4. Il résulte de l'instruction que les souffrances temporaires endurées par M. B en lien avec les interventions chirurgicales nécessaires pour retirer les prothèses défectueuses ont été évaluées par l'expert à 4 sur une échelle de 7. Compte tenu de la durée de la période en cause, le tribunal a justement apprécié ce chef de préjudice en fixant l'indemnité réparatrice à la somme de 7 000 euros.

5. Il y a lieu de rectifier ainsi l'erreur commise dans les motifs de l'arrêt du 28 mai 2021.

DÉCIDE :

Article 1er : Les motifs de l'arrêt n° 18VE01123 du 28 mai 2021 sont complétés en ajoutant, s'agissant des préjudices temporaires à caractère extrapatrimonial, le point 4 du présent arrêt relatif aux souffrances temporaires endurées.

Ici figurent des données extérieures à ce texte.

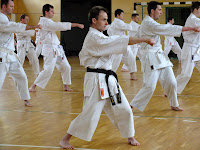 copyright by Ralph Görlach (Bushido Lubwart Bad Liebenwerda e.V.)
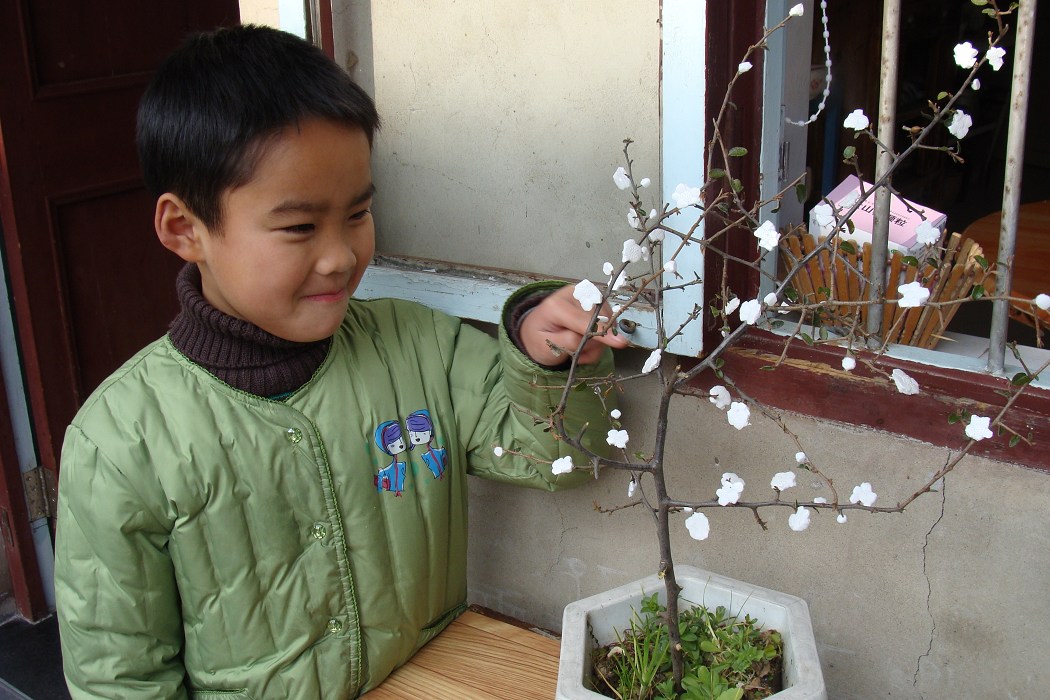 我梅姨的孙子和他奶奶共同制作的手工梅花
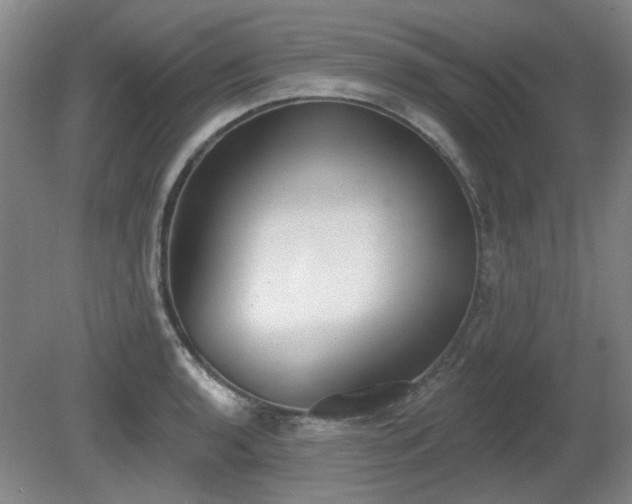 X0000080671136200612151150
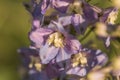 Purple Delphinium flowers in a meadow in the hazy summer sunshine Royalty Free Stock Photo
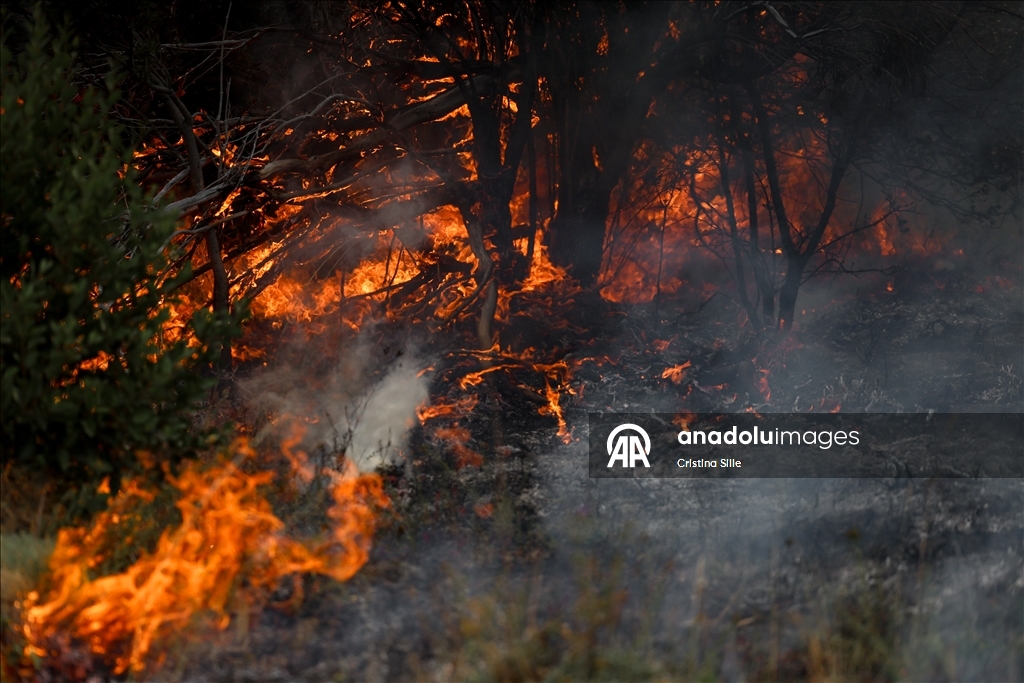 В аргентинской провинции Чубут продолжается борьба с лесными пожарами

Article 2 : Le présent arrêt sera notifié à M. A B, à l'Assistance publique - Hôpitaux de Paris, à la caisse primaire d'assurance maladie des Yvelines, à la société Depuy France et au ministre des solidarités et de la santé.

Délibéré après l'audience du 8 mars 2022, à laquelle siégeaient :

M. Brotons, président,

Mme Le Gars, présidente assesseure,

M. Coudert, premier conseiller.

Rendu public par mise à disposition au greffe le 5 avril 2022.

La rapporteure,

A-C. LE GARSLe président,

S. BROTONSLa greffière,

V. MALAGOLI

La République mande et ordonne au ministre des solidarités et de la santé en ce qui le concerne ou à tous huissiers de justice à ce requis en ce qui concerne les voies de droit commun contre les parties privées, de pourvoir à l'exécution de la présente décision.